Since it was a holiday weekend, a bunch of volunteers dressed in period costume showed up to act as docents and to give musketry and cannon demonstrations.
They did fire the cannon, but quite reasonably warned that we better put our hands tightly over our ears, so no picture of the firing moment. They were right. Before firing, they asked for volunteer from the onlookers. This poor kid wasn’t quite sure if they were kidding or not.
Having soaked up old military lore ad nauseum from a docent who absolutely loved the sound of his own voice, we got back on the scoot and headed south about ten miles to the Hofwyl-Broadfield Plantation state historical site in Brunswick. This wasn’t a cotton plantation, but rather a rice plantation! The land was purchased in 1806 by a Charleston merchant of English descent. With a lot of slave labor working in horrible conditions, it became a rice plantation, continuing to produce until 1913, when it was converted to a dairy operation. The neat thing is that it was in the same family hands all the way to 1974, when the last descendant died . . . still living in the house. The furnishings are all original from the many generations of the family. It’s not fancy, but was interesting. In the picture below, the middle shelf on the left holds the family Bible dating back to 1800. The last family member, Ophelia Dent, died in the red chair at the rear.
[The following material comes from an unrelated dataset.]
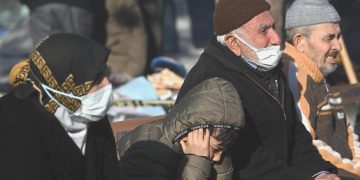 Pandemi cezaları için genelge: Cezası iadesi nasıl alınır, nereye başvurulur? İşte müracaat süreci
The place didn’t get electricity until the late 1940’s, and indoor plumbing not much earlier. The old stuff is still there.
This bed was in continuous use from before 1800 all the way through Ophelia’s death. The near posts are carved with a rice stalk design.
El Gordo there was our genial, if somewhat disconcerting host. He had this strange way of ending sentences with an almost accusatory glare as he stared at one visitor or another. We also heard more about his own family than we needed to. He waxed heavily nostalgic for the good old days. Uh huh.
The grounds had several huge old oaks, draped with moss, that allegedly are 800 years old. Gordo doubted that figure, but said they were at least 400. Loni didn’t want to get any closer to the trunk because the biting flies were at their worst in the shade.
And therein lies the title of this post. The flies were so bad that they had put these large tar balls all over the place, covered with the goo, to trap and KILL as many of the nasty buggers as possible. Did, you buggers, DIE!